WORK INSTRUCTION ->
Copy out all lines in the data below containing the string "Ufer".

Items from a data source
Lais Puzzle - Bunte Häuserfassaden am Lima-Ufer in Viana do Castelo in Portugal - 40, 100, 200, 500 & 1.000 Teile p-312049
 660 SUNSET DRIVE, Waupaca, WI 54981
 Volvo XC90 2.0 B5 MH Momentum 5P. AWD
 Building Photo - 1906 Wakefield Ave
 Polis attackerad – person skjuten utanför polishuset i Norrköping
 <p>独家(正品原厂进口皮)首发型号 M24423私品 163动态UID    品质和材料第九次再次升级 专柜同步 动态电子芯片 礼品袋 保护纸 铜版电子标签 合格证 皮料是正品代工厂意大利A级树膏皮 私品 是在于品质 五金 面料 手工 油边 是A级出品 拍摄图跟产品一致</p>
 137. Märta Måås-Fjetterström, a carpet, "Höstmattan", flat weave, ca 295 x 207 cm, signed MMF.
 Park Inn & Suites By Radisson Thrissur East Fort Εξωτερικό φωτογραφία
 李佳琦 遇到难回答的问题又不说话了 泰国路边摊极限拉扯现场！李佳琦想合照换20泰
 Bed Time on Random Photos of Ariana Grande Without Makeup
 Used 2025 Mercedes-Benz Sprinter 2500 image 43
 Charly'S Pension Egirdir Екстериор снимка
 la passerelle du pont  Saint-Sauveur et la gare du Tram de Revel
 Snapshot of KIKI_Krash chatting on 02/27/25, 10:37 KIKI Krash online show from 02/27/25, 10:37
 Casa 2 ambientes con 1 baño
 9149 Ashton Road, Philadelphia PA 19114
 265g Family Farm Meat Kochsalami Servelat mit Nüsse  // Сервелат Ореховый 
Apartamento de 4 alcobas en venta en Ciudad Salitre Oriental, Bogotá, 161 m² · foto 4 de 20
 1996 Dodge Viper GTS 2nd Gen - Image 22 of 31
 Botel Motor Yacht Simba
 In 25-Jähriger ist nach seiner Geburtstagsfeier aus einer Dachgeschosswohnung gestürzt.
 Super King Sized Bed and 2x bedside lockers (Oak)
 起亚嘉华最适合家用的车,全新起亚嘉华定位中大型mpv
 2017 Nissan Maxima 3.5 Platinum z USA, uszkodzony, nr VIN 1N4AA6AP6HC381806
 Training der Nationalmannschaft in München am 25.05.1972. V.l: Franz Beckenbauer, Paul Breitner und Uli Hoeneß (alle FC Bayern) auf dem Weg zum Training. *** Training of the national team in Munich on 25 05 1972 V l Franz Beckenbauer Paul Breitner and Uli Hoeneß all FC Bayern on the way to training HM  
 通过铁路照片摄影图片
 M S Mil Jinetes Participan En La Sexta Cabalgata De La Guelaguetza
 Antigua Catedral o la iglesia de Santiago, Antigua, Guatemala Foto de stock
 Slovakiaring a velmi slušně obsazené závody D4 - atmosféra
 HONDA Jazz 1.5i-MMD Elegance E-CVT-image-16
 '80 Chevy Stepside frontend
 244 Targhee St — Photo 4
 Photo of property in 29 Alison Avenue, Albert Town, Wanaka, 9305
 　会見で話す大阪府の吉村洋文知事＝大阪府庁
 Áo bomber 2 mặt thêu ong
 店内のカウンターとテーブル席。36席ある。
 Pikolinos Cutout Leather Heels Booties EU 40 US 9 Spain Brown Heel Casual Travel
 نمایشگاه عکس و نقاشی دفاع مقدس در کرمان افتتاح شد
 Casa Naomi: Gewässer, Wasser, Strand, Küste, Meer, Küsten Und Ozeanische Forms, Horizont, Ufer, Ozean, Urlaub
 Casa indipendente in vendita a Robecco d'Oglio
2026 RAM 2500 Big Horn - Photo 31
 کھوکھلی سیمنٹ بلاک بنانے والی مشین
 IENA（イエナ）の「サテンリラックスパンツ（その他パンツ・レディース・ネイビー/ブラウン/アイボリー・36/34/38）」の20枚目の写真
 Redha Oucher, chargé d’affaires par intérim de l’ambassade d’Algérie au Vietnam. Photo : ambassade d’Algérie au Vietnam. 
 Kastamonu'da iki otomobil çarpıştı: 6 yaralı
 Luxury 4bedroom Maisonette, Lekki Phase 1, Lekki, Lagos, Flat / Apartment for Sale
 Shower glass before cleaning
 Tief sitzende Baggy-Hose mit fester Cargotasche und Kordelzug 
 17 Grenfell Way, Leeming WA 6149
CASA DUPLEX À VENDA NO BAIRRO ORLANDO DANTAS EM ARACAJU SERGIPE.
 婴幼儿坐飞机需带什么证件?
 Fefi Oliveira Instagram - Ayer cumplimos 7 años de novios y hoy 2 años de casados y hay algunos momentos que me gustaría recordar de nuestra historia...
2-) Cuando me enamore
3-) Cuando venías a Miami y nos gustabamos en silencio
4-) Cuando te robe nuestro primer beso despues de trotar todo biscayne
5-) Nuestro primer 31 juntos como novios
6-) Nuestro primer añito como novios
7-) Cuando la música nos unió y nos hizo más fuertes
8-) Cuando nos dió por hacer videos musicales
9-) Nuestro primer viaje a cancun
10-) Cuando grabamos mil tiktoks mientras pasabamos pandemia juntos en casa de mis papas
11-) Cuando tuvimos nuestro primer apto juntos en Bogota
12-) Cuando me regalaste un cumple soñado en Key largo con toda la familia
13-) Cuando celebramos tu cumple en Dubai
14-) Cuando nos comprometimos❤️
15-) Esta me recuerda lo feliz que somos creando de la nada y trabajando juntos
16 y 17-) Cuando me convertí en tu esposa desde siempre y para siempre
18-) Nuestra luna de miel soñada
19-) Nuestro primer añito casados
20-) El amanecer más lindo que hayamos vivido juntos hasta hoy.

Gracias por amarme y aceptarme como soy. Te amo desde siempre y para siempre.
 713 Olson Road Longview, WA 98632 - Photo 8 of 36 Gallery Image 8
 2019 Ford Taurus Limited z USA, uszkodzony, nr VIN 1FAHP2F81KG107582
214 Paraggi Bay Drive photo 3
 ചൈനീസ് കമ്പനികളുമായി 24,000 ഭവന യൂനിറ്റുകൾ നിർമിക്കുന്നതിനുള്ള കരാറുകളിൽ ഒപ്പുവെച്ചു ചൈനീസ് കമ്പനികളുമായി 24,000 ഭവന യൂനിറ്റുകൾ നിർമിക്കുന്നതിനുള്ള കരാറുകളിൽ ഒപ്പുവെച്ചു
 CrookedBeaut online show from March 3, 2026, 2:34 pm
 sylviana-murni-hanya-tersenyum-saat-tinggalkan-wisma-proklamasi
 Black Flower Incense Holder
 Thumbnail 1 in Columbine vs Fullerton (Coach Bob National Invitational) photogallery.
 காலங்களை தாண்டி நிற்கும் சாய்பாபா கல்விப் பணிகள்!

ANSWER BELOW ->
Lais Puzzle - Bunte Häuserfassaden am Lima-Ufer in Viana do Castelo in Portugal - 40, 100, 200, 500 & 1.000 Teile p-312049
 Casa Naomi: Gewässer, Wasser, Strand, Küste, Meer, Küsten Und Ozeanische Forms, Horizont, Ufer, Ozean, Urlaub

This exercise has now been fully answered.